• _ASSIGNMENT_: Lower down are entries containing pictures. Copy exactly, without those pictures, the lines from the line with "20260426 isabellagreend" through the line with "Framed Print : UW ET 1817 07 Framed".

• _RECORDS SHOWN_:
______________________________

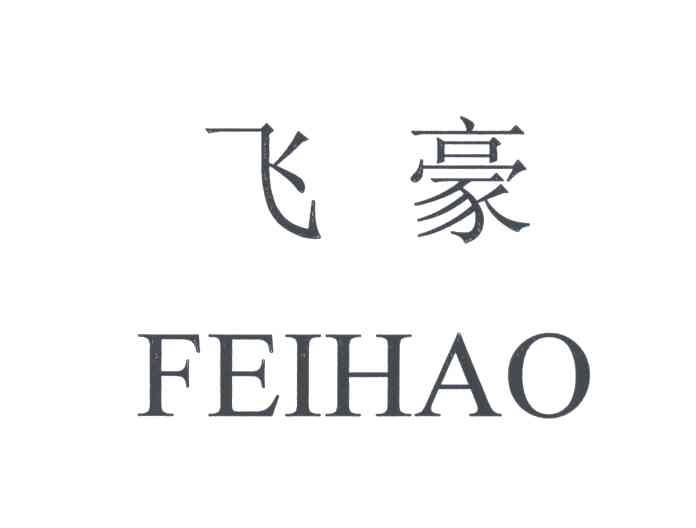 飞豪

______________________________

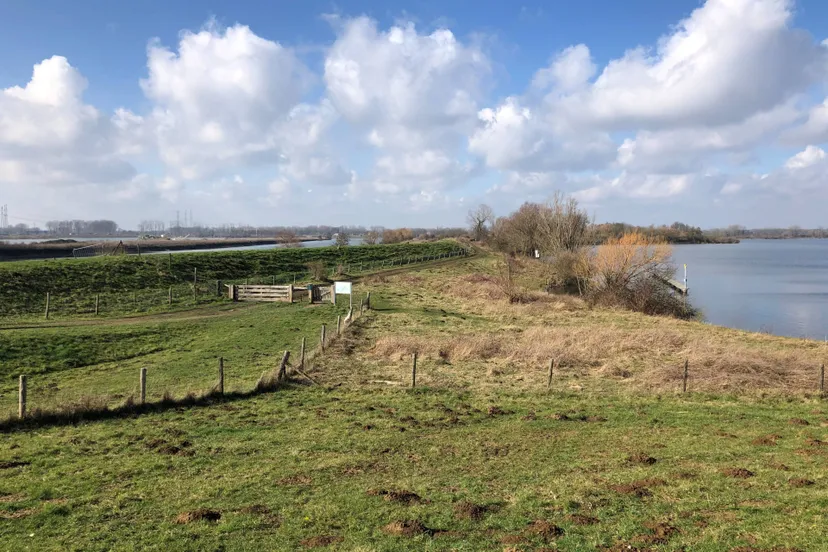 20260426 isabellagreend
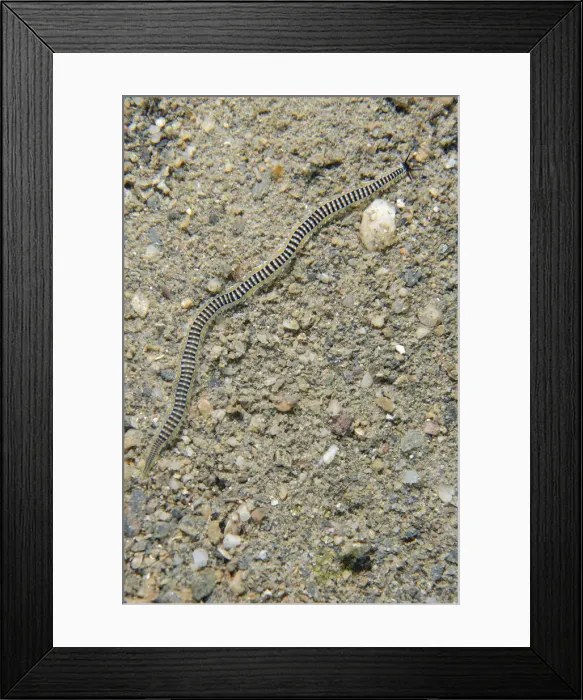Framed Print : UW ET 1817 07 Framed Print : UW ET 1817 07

______________________________

• _SOLUTION TO THIS EXERCISE_:
 20260426 isabellagreend
Framed Print : UW ET 1817 07 Framed Print : UW ET 1817 07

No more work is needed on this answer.